Сравнительно легко было получить у властей разрешение купить журнал и, таким образом, стать издателем. И вот Станюкович решился стать издателем «Дела». Он купил журнал у вдовы Благосветлова за пятьдесят тысяч рублей и ради этого влез в немыслимые долги. У него была большая семья - жена, четыре дочери и сын, - и Станюкович надеялся, что издательское дело поможет ему со временем стать таким же обеспеченным человеком, каким сумел стать под конец жизни покойный Благосветлов. Теперь Станюкович обратился к властям с ходатайством, чтобы дозволено было напечатать на обложке имя госпожи Благосветловой - уже как якобы редактора. Не разрешили. Предложил кандидатуру Бажина. Отклонили.
С поиском номинального редактора надо было спешить, иначе власти грозились вообще закрыть журнал. И тут Станюковичу удалось найти человека, который внял его горячим уговорам и согласился числиться редактором «Дела», если, конечно, его утвердят. Кандидатура его не вызвала возражений у властей, и вот номинальным редактором журнала стал известный педагог и автор педагогических статей Острогорский. Его имя обозначили на обложке, журнал не погиб и мог еще существовать.
Шелгунов регулярно помещал в «Деле» «внутренние обозрения», но обозрениям этим, ради меньших цензорских придирок, ныне пришлось давать более скромный заголовок «Из домашней хроники». То есть как бы вместо обозрений предлагались заметки по частным вопросам.
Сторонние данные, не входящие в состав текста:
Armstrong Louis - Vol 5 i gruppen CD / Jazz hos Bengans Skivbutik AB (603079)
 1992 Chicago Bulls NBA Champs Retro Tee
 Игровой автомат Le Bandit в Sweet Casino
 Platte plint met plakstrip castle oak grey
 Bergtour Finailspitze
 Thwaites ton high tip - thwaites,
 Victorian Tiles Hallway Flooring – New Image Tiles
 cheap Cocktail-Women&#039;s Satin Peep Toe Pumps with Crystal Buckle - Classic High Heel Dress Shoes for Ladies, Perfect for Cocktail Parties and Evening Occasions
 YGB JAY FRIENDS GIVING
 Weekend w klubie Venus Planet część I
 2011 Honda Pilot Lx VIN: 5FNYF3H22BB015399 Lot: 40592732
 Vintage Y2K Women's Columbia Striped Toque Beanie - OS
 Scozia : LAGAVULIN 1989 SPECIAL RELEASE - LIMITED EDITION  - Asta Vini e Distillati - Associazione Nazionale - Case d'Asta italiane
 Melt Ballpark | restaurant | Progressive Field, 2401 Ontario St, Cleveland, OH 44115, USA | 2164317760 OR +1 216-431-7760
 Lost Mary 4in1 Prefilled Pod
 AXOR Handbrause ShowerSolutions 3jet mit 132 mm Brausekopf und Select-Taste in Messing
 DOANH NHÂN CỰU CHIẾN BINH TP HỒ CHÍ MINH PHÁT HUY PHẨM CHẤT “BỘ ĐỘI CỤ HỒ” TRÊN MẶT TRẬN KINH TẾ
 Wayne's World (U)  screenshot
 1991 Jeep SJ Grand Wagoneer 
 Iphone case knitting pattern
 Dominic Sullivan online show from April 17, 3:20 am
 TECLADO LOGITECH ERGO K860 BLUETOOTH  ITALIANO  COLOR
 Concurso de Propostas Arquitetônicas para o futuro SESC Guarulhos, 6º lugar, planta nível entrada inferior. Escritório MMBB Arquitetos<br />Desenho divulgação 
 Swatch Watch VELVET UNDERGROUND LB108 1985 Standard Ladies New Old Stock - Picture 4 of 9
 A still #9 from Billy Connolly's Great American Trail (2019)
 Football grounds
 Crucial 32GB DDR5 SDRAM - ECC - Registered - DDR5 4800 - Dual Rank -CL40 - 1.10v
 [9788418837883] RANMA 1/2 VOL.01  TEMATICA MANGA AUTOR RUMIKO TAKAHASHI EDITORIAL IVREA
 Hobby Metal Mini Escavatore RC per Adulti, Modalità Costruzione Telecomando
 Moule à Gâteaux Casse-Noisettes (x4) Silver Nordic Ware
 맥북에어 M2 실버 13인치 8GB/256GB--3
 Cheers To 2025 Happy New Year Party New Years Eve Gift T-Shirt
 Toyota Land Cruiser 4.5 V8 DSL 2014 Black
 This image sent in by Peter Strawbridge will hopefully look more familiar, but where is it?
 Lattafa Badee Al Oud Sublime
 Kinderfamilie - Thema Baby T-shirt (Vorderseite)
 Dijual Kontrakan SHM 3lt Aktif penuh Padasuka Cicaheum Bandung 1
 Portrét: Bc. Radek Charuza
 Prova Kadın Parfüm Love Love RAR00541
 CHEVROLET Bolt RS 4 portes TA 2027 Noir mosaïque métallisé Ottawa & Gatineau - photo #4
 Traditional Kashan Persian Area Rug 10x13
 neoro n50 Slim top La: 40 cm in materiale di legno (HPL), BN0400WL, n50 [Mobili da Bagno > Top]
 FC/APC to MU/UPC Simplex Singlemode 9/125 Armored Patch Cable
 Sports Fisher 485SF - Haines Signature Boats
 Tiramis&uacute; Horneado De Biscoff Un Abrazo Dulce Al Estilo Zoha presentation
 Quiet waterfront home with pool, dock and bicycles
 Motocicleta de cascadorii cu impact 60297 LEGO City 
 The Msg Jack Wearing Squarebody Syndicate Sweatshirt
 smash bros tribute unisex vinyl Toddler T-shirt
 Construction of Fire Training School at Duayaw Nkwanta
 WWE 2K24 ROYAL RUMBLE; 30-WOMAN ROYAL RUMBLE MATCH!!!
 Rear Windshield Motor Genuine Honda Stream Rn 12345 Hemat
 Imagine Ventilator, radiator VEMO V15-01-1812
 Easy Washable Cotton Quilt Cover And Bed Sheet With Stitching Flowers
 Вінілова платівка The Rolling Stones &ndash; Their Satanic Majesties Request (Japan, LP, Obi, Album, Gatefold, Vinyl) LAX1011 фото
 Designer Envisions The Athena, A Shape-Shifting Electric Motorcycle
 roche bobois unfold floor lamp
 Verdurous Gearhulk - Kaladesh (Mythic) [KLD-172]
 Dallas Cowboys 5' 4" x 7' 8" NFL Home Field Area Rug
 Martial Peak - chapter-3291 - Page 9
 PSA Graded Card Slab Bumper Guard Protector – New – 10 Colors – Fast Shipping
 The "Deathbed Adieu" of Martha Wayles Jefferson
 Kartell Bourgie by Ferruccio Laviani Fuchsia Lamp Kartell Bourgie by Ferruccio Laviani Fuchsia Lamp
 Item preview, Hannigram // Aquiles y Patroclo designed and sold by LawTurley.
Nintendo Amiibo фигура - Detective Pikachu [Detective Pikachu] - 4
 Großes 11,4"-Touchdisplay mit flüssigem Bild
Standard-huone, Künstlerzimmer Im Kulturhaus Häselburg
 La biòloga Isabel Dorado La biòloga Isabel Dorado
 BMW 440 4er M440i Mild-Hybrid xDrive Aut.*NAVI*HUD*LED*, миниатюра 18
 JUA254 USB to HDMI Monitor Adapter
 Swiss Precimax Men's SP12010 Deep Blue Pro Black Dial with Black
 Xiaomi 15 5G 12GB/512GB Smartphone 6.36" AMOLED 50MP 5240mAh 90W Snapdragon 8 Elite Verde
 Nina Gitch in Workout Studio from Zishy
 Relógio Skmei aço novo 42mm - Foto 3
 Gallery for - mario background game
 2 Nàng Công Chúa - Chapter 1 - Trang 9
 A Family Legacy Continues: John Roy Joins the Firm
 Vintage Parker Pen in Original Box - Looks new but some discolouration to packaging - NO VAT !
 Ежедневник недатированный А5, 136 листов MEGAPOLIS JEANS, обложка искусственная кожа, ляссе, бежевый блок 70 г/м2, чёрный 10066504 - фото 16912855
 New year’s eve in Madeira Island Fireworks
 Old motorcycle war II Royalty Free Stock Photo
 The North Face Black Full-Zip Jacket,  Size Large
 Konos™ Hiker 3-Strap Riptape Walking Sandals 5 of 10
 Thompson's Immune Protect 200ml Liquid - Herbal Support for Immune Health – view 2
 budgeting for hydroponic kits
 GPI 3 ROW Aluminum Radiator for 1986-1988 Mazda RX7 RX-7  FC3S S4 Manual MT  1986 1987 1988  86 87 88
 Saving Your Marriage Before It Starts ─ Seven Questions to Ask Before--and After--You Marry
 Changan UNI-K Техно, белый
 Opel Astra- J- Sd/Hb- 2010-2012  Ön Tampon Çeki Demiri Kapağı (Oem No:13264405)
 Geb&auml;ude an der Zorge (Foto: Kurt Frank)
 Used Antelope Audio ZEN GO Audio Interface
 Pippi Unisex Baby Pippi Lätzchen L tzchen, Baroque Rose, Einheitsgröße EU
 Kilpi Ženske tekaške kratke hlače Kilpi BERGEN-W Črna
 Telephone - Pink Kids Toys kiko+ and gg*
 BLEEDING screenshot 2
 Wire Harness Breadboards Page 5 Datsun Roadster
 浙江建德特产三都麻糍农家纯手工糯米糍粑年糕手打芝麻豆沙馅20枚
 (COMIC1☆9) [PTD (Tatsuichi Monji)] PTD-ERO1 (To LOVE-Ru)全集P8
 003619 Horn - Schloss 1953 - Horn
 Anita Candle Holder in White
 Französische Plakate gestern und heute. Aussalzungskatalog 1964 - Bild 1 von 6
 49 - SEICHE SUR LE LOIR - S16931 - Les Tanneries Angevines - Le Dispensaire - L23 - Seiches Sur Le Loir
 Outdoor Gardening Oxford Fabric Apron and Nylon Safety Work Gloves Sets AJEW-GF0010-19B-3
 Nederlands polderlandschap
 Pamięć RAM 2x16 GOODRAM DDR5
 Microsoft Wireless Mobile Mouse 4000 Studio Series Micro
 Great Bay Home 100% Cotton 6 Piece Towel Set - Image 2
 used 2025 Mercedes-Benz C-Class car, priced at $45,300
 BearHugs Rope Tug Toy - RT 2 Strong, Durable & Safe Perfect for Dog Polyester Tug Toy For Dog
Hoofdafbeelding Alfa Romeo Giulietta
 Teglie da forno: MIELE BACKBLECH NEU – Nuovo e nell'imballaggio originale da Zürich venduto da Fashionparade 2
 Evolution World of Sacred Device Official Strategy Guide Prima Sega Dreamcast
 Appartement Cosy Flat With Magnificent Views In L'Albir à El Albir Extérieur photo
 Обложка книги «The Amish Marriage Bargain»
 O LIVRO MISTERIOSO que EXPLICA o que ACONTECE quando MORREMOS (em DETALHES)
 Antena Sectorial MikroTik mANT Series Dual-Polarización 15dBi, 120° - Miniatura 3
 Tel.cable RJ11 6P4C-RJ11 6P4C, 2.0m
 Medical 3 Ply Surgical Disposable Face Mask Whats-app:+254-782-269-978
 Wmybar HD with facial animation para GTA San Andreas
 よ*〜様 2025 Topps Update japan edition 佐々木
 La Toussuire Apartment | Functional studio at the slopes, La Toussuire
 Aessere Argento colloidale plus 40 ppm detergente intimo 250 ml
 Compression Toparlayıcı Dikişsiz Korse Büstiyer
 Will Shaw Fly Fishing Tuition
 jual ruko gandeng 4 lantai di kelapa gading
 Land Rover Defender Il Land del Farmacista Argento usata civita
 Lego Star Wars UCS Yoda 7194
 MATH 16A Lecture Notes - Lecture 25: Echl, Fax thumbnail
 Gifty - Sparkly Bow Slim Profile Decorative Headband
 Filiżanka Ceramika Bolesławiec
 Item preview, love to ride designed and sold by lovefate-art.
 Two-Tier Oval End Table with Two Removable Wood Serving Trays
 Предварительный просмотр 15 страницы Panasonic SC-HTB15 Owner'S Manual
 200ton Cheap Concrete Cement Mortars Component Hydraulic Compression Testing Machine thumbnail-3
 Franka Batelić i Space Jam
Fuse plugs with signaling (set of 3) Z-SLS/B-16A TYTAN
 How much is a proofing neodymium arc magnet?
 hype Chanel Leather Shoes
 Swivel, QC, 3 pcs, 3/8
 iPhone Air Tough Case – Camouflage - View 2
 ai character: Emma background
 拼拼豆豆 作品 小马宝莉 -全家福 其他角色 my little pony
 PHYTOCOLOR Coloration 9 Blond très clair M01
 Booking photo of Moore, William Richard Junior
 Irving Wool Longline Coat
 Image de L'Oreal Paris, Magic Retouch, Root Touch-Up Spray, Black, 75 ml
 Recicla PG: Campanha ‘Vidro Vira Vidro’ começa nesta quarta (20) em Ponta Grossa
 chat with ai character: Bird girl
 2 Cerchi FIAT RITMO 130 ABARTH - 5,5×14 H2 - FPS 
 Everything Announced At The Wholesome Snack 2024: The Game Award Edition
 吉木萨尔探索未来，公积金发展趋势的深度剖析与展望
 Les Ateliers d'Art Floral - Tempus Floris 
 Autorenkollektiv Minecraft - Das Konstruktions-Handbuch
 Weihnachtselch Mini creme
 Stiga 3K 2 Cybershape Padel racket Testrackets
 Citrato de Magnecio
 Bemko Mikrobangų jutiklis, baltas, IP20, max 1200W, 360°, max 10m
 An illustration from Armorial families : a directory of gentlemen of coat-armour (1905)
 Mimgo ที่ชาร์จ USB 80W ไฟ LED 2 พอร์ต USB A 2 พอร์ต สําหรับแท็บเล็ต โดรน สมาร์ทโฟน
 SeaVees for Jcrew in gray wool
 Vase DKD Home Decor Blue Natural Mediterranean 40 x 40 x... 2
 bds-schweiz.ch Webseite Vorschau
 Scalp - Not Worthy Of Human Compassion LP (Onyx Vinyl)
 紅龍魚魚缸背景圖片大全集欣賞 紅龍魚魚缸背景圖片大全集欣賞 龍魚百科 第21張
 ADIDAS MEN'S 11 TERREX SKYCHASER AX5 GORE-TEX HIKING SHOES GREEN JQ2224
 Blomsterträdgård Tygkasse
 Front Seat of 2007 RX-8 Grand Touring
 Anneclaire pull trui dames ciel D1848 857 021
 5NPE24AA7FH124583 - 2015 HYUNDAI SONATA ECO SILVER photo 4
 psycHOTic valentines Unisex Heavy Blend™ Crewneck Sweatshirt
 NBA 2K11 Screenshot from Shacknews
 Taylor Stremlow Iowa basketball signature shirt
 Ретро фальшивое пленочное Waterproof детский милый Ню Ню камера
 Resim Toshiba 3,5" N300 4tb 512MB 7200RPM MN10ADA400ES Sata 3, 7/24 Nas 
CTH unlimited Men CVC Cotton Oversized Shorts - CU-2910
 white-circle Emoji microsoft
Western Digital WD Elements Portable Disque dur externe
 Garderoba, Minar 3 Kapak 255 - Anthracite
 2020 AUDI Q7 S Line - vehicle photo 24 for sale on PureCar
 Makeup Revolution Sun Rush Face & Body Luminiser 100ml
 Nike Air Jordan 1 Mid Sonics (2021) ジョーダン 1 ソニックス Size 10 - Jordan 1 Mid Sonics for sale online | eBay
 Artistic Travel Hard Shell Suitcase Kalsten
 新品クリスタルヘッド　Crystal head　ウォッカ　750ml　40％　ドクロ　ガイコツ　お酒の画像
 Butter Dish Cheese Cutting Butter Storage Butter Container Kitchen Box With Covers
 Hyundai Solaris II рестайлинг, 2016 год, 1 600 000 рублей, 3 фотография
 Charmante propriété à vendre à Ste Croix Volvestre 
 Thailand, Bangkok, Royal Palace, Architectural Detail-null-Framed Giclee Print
И если в прошлом году Шелгунов ставил под своими обозрениями подпись Я. Ж, то после высылки в Выборг ему пришлось маскировать свое участие в журнале менее прозрачной подписью: Н. В.
Как бы то ни было, он продолжал писать о том, что больше всего его волновало. Теперь он подчеркивал в одной статье, что исторический закон «бытие определяет сознание» с неизбежностью действует в тот последний момент, когда жизнь прижимает к стене. «Нас же пока жизнь еще не совсем к стене прижала, и только этим объясняется, что, как мы ни скрипим, какие ни встречаются в нашей жизни ненормальности, а мы все ползем, как ползли до сих пор».